Senate GOP advances Homeland Security funding, leaving Dems aside
Benjamin Weiss
WASHINGTON (CN) — Senate Republicans will meet with President Donald Trump this week to lay the groundwork for a budget reconciliation process that would fund the stagnant Department of Homeland Security and end a nearly two-month-long shutdown, party leaders said Thursday.
The move is the first step in the GOP plan to reopen the shuttered agency that will see lawmakers set the budget for most DHS programs through the usual appropriations process and fund its immigration enforcement operations through a separate procedure that can clear the legislature without any Democratic involvement.
Speaking to reporters Thursday afternoon, Senate Majority Leader John Barrasso said he and Senator Lindsey Graham — chairman of the upper chamber’s budget committee — would travel to the White House on Friday to discuss the budget resolution that would fund U.S. Immigration and Customs Enforcement and Border Patrol.
Barrasso said the measure would aim to fund immigration enforcement in “a targeted way” and would “get it done fast.”
“We’re in this position, which I believe is dangerous and reckless, because of the Democrats shutting down a portion of the government that has to do with national security,” said the Wyoming Republican. “Democrats have chosen to stand with illegal immigrant criminals over law-abiding American citizens.”
The Homeland Security Department has been in a state of partial shutdown since late February, after Senate Democrats refused to agree to a funding plan for the agency without significant reforms to ICE and Border Patrol operations. The partisan breakdown came during the Trump administration’s immigration crackdown in Minneapolis, during which federal agents shot and killed two U.S. citizens.
Senators last month agreed to a plan that funded most DHS programs, including the Transportation Security Administration and federal disaster management, while peeling off some immigration enforcement budget. Democrats framed the deal as a victory, though they did not secure any of the reforms to ICE and Border Patrol operations they’d initially demanded.
The House initially rejected the Senate-passed plan but has since relented. The lower chamber, still on Easter recess, has yet to vote on the measure.
Barrasso said Thursday his meeting with Trump would be a “broad discussion” on a number of topics but that party leaders would emerge with instructions for the Budget Committee and the Senate Judiciary Committee about how to proceed with the reconciliation process for immigration enforcement funding.
Reconciliation is an upper chamber budgetary measure that allows the majority party to pass spending legislation without input from the minority party. Republicans have already used budget reconciliation during Trump’s second term, passing such a resolution last summer alongside the president’s marquee “One Big, Beautiful Bill.”
Barrasso told reporters Republicans were once again preparing to “go it alone” thanks to a lack of Democratic cooperation, pointing to the ongoing war in Iran as evidence that rapid action was needed to ensure U.S. national security priorities are met.

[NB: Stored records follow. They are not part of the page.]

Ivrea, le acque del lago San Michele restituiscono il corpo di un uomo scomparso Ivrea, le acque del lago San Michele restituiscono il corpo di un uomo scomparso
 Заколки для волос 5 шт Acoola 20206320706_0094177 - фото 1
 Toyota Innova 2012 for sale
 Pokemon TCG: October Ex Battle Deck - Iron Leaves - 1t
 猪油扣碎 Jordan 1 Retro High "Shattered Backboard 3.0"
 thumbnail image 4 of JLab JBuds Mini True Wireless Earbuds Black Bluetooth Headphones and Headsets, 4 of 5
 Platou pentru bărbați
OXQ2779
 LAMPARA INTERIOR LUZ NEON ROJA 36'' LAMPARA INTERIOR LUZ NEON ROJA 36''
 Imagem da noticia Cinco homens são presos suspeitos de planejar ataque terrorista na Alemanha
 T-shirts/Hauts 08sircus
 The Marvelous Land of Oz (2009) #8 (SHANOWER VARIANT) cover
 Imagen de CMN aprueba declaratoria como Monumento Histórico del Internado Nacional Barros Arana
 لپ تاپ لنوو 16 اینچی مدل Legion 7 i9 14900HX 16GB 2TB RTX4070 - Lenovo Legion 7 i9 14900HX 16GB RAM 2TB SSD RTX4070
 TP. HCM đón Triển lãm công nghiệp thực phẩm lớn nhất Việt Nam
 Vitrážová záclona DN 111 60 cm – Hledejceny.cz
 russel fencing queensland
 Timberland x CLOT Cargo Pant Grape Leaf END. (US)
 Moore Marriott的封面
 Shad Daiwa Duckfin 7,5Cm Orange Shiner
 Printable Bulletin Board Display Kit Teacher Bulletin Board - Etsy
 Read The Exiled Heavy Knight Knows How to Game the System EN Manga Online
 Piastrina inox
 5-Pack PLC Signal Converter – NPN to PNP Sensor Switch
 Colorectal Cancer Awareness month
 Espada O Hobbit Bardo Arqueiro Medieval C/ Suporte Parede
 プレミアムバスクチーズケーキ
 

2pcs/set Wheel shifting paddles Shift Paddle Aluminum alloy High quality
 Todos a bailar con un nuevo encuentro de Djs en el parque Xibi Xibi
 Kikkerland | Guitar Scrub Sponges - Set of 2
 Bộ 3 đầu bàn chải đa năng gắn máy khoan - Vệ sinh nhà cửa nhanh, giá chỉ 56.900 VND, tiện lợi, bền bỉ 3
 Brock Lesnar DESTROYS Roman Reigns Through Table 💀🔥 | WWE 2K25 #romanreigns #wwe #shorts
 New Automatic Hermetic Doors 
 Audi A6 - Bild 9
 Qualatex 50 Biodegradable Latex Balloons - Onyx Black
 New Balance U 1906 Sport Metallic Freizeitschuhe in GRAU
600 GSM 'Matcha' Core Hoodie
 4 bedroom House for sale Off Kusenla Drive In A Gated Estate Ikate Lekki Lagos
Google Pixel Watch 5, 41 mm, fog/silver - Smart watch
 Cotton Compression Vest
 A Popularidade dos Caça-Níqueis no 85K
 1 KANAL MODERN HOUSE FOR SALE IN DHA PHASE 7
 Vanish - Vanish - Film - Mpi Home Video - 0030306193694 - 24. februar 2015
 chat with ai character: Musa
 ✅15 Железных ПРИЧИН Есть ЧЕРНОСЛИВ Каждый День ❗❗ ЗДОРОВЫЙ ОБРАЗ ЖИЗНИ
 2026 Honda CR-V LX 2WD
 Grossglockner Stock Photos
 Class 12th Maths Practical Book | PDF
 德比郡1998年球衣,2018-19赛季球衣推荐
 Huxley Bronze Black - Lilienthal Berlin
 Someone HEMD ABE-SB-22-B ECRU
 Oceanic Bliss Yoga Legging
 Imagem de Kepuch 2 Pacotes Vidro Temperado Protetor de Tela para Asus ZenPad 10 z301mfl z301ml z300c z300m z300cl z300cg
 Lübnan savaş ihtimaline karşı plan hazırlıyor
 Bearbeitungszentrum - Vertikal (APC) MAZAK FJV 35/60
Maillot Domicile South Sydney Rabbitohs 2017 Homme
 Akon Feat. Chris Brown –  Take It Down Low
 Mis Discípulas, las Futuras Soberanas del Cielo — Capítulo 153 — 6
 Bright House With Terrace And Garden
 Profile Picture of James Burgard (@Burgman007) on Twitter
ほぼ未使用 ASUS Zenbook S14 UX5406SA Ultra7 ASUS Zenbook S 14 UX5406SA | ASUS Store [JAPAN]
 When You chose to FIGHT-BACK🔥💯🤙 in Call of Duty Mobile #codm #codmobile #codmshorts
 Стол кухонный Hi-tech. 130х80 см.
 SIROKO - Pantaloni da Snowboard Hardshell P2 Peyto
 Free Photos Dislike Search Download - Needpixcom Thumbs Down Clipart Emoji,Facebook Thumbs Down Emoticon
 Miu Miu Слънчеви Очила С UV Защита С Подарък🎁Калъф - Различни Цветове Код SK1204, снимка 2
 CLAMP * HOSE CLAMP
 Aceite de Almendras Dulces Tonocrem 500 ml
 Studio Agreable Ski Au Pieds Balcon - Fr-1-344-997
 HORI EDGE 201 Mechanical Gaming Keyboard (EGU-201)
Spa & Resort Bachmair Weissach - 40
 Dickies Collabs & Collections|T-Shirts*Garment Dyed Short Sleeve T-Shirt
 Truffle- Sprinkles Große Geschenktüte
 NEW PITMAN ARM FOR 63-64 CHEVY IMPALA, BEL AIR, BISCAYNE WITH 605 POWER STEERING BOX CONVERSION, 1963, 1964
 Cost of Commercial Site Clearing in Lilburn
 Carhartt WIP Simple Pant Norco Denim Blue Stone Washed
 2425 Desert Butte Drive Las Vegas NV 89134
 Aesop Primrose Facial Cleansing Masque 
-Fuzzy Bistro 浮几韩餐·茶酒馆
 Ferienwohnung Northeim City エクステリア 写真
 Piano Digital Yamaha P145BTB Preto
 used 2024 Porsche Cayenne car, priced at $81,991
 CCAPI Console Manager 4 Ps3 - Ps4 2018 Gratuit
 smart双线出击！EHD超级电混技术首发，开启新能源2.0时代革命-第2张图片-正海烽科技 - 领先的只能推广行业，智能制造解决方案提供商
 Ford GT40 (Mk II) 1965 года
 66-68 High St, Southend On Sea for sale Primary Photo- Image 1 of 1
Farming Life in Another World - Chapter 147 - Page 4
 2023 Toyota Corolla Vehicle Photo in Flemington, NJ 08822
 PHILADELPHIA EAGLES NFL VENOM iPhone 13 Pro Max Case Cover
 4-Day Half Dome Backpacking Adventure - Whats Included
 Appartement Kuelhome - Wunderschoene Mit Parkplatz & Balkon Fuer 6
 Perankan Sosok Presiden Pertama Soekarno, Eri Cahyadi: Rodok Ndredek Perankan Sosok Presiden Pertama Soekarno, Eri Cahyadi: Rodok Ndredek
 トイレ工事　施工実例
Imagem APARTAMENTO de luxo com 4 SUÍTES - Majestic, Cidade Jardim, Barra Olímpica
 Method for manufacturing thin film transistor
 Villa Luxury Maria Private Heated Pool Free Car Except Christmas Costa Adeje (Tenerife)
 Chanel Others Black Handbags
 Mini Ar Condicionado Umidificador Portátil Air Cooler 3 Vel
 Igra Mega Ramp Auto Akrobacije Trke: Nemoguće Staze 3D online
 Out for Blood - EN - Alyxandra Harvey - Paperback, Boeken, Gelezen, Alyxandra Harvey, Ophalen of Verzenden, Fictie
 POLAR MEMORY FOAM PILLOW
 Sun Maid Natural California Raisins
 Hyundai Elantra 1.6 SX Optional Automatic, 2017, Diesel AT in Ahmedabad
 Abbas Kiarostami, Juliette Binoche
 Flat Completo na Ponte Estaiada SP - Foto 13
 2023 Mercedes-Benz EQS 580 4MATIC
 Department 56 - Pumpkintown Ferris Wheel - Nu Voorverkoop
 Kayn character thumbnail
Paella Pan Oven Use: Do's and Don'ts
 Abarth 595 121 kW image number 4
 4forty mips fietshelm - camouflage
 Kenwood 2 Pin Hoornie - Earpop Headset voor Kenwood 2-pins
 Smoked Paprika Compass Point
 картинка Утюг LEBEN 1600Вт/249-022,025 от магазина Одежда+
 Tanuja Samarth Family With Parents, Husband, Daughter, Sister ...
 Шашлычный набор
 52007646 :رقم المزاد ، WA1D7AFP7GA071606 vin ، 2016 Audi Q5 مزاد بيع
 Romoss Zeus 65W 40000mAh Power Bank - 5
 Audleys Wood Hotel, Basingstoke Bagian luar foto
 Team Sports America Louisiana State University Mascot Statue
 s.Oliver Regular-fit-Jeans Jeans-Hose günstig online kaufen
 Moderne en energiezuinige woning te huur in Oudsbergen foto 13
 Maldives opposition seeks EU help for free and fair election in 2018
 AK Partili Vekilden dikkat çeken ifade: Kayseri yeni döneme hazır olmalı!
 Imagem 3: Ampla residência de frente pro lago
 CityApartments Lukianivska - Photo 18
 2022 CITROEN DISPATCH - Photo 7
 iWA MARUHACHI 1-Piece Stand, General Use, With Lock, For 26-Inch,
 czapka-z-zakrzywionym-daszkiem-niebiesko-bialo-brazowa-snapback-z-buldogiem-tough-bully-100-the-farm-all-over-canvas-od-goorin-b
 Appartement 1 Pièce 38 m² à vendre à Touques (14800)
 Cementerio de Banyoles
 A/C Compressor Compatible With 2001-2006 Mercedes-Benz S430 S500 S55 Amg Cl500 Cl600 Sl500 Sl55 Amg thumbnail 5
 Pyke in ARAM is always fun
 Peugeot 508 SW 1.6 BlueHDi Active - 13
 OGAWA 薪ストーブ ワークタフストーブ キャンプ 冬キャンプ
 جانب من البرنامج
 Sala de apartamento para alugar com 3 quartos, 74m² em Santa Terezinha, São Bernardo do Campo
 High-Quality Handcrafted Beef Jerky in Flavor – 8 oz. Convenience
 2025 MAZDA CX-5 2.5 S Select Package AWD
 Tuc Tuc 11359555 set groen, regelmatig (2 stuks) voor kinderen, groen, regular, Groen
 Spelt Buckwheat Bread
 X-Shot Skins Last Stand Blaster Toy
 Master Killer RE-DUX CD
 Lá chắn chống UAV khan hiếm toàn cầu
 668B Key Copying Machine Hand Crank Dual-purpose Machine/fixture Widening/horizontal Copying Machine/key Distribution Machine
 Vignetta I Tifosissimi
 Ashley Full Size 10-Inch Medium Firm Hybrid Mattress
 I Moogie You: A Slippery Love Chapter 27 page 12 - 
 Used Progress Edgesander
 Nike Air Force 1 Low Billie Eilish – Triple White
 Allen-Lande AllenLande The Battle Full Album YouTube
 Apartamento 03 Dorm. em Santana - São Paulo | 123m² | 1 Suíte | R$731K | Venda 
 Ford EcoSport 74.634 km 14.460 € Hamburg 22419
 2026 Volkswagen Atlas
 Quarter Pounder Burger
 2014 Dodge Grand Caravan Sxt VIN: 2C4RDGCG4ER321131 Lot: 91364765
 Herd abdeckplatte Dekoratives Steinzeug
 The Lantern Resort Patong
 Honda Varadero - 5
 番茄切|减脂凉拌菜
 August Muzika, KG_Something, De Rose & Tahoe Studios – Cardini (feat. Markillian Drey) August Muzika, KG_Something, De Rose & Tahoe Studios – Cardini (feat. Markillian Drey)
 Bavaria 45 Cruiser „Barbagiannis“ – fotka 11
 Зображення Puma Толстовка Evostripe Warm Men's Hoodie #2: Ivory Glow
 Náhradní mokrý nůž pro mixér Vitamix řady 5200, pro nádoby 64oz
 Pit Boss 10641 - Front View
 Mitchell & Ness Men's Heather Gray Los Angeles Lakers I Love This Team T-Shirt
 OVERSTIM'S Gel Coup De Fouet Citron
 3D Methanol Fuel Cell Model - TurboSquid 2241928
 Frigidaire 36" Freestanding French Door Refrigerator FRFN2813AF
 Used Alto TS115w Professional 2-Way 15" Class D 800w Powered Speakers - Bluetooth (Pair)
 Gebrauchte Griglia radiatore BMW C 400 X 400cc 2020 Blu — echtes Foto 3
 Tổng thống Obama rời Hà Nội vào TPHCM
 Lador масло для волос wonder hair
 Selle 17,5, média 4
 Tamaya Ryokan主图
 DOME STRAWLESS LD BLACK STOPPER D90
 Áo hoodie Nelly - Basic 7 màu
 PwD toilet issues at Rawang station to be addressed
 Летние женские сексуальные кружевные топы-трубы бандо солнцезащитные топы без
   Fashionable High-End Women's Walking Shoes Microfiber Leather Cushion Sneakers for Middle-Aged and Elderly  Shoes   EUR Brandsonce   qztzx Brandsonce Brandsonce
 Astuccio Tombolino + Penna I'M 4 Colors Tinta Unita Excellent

The top Republican also demurred on questions about some members of his own party who had demanded Congress approve the entire DHS budget through reconciliation, rather than just immigration enforcement programs, thereby cutting Democrats out of the process entirely. Barrasso said he’d be “discussing those things” with Trump on Friday but that his priority was getting U.S. border security funding back online.
“What we’re telling you today is we’re moving ahead despite an incredible obstruction by the Democrats,” he said.
Immigration enforcement programs have remained largely funded despite the ongoing DHS shutdown, thanks in part to roughly $75 million in spending greenlit by Congress in the Trump budget measures approved last summer. But the agency funding lapse has more severely affected other parts of the homeland security apparatus — most visibly TSA, where staffing shortages have led to severe delays at airports across the country.